Unlike the new species, penes are not highly developed in most congeners. Two exceptions, T. longipenis Giani & Rodriguez, 1994 and T. leruthi Hrabĕ, 1937 (both of which have two spermathecal segments), have large, “ Type 2” penes, formed by extruding elongated lining cells of the atrial duct ( Fig. 1F View FIGURE 1 in Giani & Rodriguez 1994, Figs. 17D–G in Rodriguez & Giani 1994, Fig. 4 View FIGURE 4 in Hrabě 1937). In contrast, T. baylesi sp. nov. has large penes within deep, eversible sacs; although clearly elongated when the sacs are everted, the penes are “ Type 1”, with epidermis surrounding internal musculature and duct (Fig. 17A, C in Rodriguez & Giani 1994). The sacs surrounding the retracted penes appear to be simple epidermal folds, thus differing from more histologically differentiated penial sacs described in other lumbriculid genera, e.g., Sylphella puccoon Rodriguez et al., 2014 , or Eclipidrilus palustris ( Smith, 1900) . Among congeners, the penes somewhat resemble those of T. cantabrigiensis ( Beddard, 1908) (see Fig. 1 View FIGURE 1 in Rodriguez & Giani 1994); however, the T. cantabrigiensis penes open on a porophore, are smaller, and are not clearly retractable.

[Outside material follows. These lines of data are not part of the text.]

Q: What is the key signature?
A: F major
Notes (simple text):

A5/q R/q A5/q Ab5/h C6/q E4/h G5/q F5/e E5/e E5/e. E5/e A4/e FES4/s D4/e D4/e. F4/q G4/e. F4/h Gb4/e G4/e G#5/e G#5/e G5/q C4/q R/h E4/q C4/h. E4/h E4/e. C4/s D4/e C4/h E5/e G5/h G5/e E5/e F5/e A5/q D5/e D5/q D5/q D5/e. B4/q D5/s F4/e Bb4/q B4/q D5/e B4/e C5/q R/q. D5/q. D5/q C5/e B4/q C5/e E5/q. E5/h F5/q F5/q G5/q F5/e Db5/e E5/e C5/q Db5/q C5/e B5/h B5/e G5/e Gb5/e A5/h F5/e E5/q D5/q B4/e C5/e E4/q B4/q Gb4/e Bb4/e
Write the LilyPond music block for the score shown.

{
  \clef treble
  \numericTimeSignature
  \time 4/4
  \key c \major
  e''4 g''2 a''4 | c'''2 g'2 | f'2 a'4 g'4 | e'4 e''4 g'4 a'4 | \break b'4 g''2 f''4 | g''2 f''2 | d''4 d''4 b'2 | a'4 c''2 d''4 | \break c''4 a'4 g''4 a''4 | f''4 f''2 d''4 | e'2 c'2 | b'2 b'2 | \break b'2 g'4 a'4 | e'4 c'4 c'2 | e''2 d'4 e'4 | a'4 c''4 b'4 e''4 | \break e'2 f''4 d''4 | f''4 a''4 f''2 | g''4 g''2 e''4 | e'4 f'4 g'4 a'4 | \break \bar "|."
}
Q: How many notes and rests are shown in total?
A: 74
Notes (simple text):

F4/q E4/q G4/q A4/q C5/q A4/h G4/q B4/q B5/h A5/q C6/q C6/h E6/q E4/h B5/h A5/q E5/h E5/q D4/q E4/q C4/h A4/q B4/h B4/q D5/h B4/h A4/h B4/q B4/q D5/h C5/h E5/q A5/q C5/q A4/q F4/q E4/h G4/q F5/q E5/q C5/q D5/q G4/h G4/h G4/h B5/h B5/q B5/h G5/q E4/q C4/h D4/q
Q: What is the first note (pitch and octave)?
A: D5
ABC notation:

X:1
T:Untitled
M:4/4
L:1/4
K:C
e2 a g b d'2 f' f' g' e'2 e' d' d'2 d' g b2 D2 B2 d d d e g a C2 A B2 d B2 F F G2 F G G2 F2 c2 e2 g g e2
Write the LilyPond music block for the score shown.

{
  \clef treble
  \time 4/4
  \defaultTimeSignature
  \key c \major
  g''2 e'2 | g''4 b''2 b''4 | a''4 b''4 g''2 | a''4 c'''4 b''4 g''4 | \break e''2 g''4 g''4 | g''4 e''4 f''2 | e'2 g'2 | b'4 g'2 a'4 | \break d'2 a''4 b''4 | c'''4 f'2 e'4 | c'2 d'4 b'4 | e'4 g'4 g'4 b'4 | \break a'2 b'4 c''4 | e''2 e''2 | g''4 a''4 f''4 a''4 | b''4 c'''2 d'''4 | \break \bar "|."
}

Muscular sphincters near the spermathecal pore have been described for species in several lumbriculid genera, including Eclipidrilus Eisen ( Fend 2005) , Kincaidiana Altman , Guestphalinus Michaelsen ( Fend et al. 2017) , and Sylphella puccoon Rodriguez et al., 2014 . The presence of a sphincter in the most ental part of the spermathecal duct, separating the duct from the ampulla, is apparently new for the genus Trichodrilus , and has been only rarely described in other lumbriculids, most notably some species of Stylodrilus Claparède in Lake Baikal (e.g., Fig. 209 in Semernoy 2004).